Intel today announced the official release of their Dunnington-based Xeon 7400 server CPU. The six-core chip is monolithic, meaning that all six cores are on one die, and is the first Xeon CPU to sport that design. The previous 7300 series CPU, dubbed Tigerton, was a quad-core processor with two dual-core chips on a single module (like existing quad-core consumer chips). As expected, Dunnington is still of the Penryn architecture (45nm High-K manufacturing process), and will be compatible with current Tigerton Socket 604 motherboards.
Speed-wise, Intel claims a 50% performance increase in the 7400 over the 7300 series CPU based on TPC-E database benchmark testing (TPC-E simulates the online transaction workload of a large brokerage firm). More impressive is Intel’s claim that even with the improved performance, Dunnington’s energy efficiency actually means it uses 10% lower power than the previous generation. The gains are largely attributed to the presence of a new 16MB level-3 cache, in addition to the extra compute power of two more cores. Xeon 7400 CPUs will launch at 2.66Ghz with either four or six core, and will be priced from $856 to $2729.

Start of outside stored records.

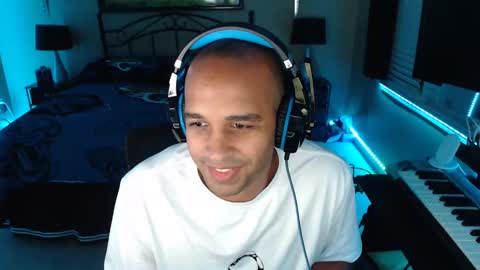 Snapshot of a4orce chatting on January 25, 12:38 am a4orce online show from January 25, 12:38 am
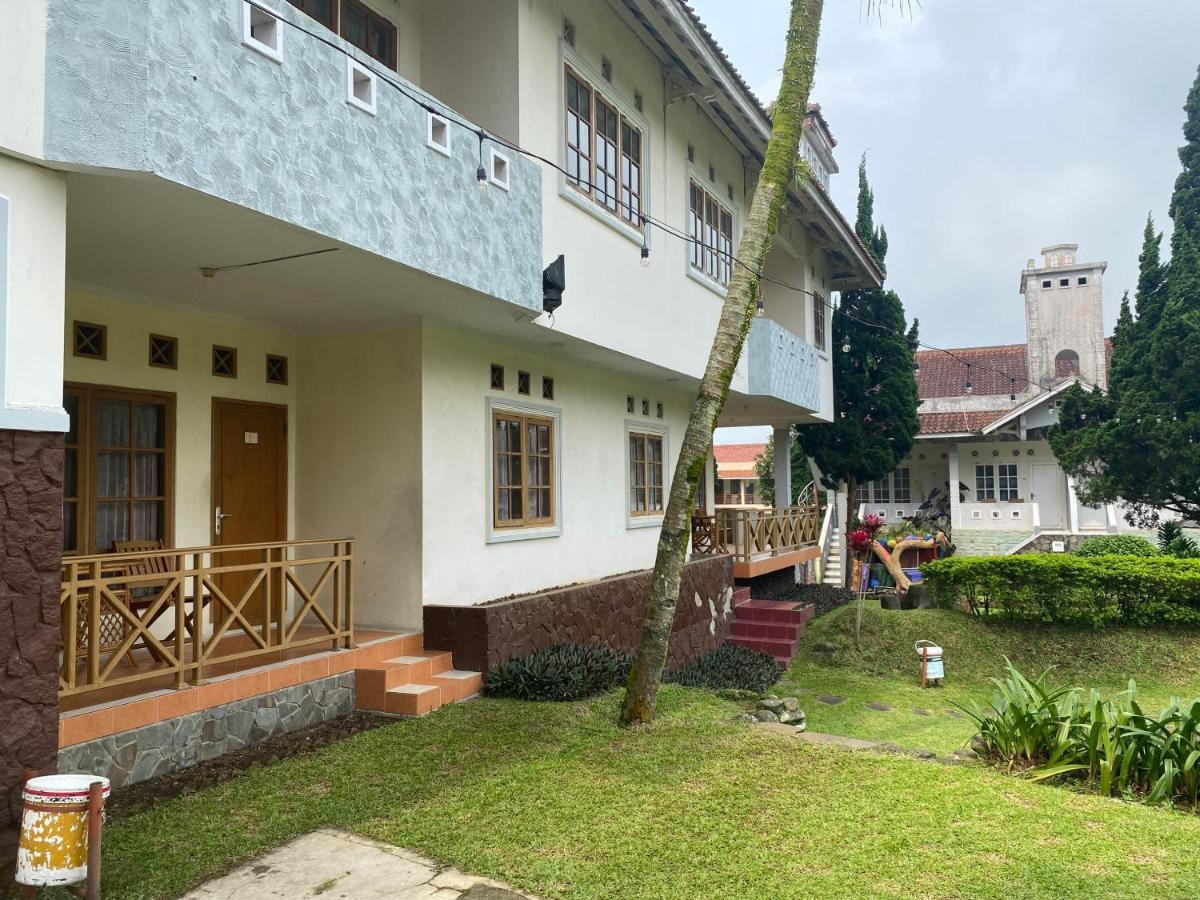 Hotel Puspa Sari Ciater Exterior photo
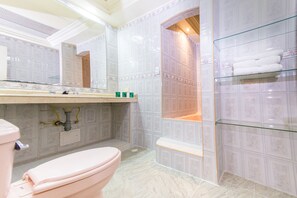 Shower, free toiletries, towels, soap - Hotel Ayenda San Fernando 1904 (Armenia)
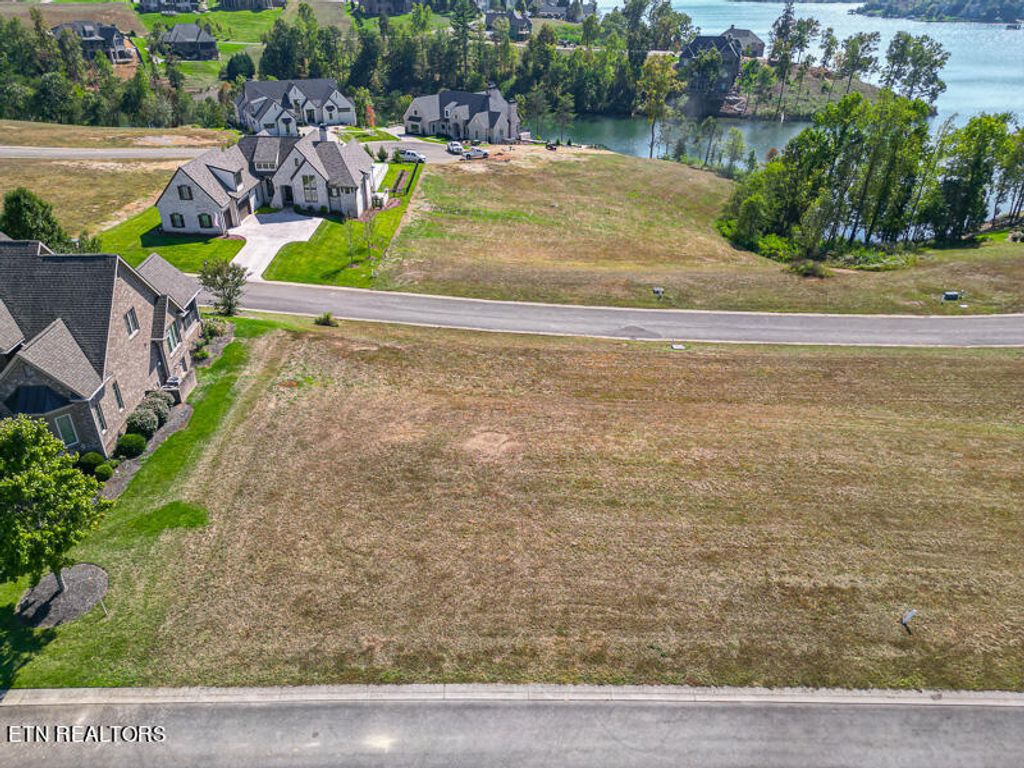 Photo of 863 Castaway Lane, Lenoir City, TN 37772 (MLS # 1218528)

What does this mean for consumers? Unfortunately, not much. Intel has no current plans to release a six-core CPU to the mainstream market, and few applications would be able to scale well enough to take full advantage of the additional two cores. Intel seems to be pushing Nehalem for the consumer market, which will launch as a quad-core. Dunnington customers – large Web 2.0 companies like Myspace – will be the ones who benefit most from the extra performance and power efficiency, which may enable them to develop compute-intensive features like high-definition video sharing.